Minggu, 31 Januari 2016

Story: Seblak

ENGLISH VERSION



I have not known this kind of food until I was graduated from Senior High School and move to Bandung. 

Seblak is one of the most well-known food in Bandung, made from crackers (kerupuk), noodle, or macaroni as the main ingredient. From the history, many people said that Bandung is not the origin of seblak, because this food is famous in 2000s. They said that the origin of Seblak may come from Sumpiuh, Banyumas, because of the similarity with Krupuk Godog (boiled crackers) that has been popular since 1940s.

The way to cook the ingredients is by soak them into the hot water/boiled water. For your information, kerupuk is a famous snack in parts of Southeast Asia, but closely associated to Indonesia. I think this kinda weird-but-special food because almost all kerupuk in Indonesia was fried, not soaked in hot water. As the result, kerupuk that cooked as seblak has soft texture.

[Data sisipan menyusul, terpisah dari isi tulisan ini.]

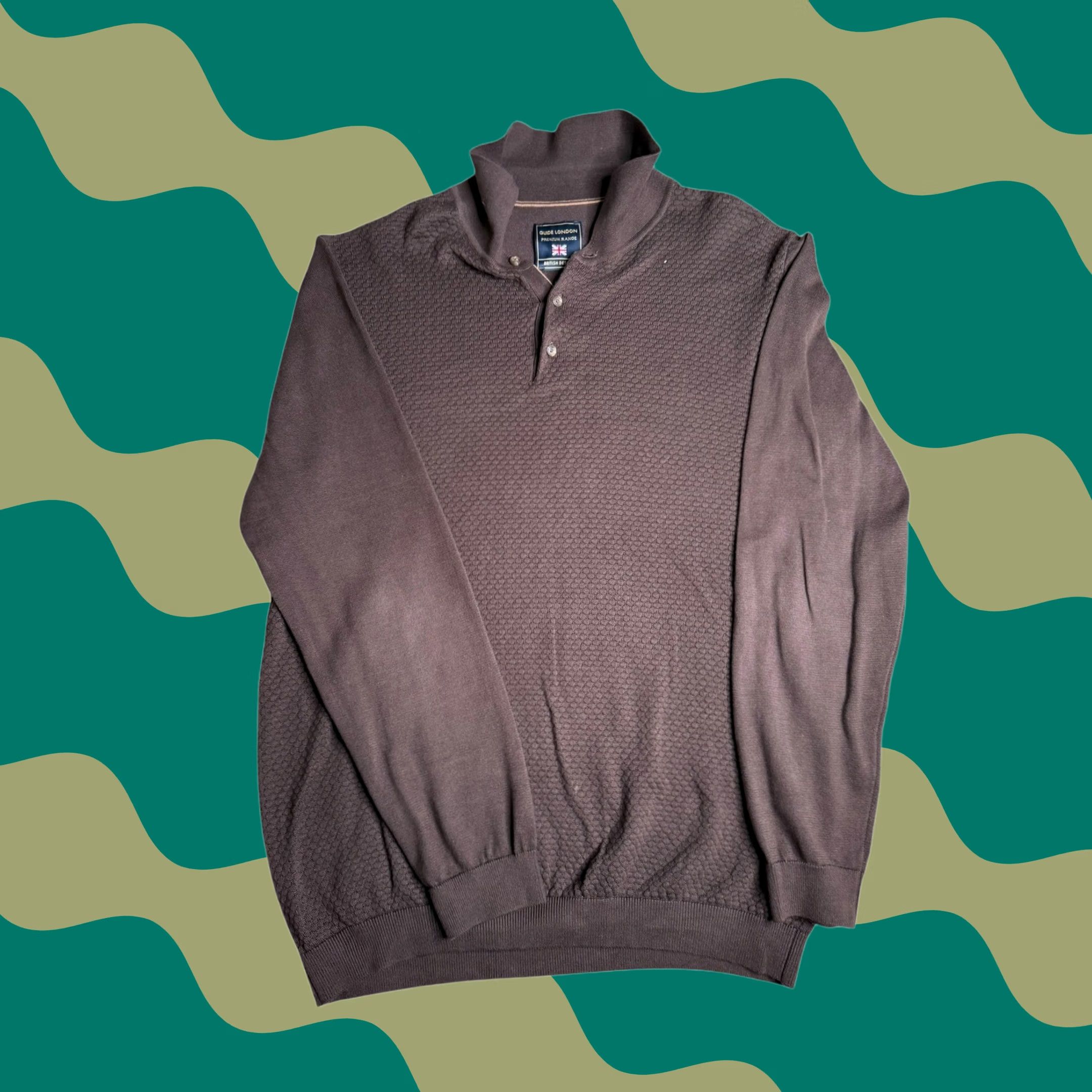 Vintage Guide London Premium Range Polo Shirt Knit Textured Brown XL Men Shirt Geometric 100% Cotton Collared Button Down Breathable Long Sleeve Size US XL / EU 56 / 4 - 1 Thumbnail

Another important ingredients is chili. Almost entire of Indonesian like to eat spicy food, so seblak is also being well-known because of its spiciness. For some occasions, you can find some products that show levels of spiciness of food. Some Indonesians think that the spicier food they eat makes them pride of themself without thinking too much about the possible consequences, such as diarrhea. Just be careful, right!

Beside the main ingredients and seasoning, you can add some mustards, eggs, even bones into seblak. Then, just pour all ingredients and seasoning and serve it. (That's not kind of Indonesian food if it was not flavoured with some seasoning, such as garlic, onions, salt, kencur, etc. For your information, the foods in Indonesia has weaker flavour than Indian cuisine, so many foods from Indonesia are suitable for some foreigners or tourists that come to Indonesia. Do you want some proof? Just remember the poll from CNN that show Rendang (steamed beef from Padang, Indonesia) as the most delicious food in the world and followed with other Indonesian cuisines.)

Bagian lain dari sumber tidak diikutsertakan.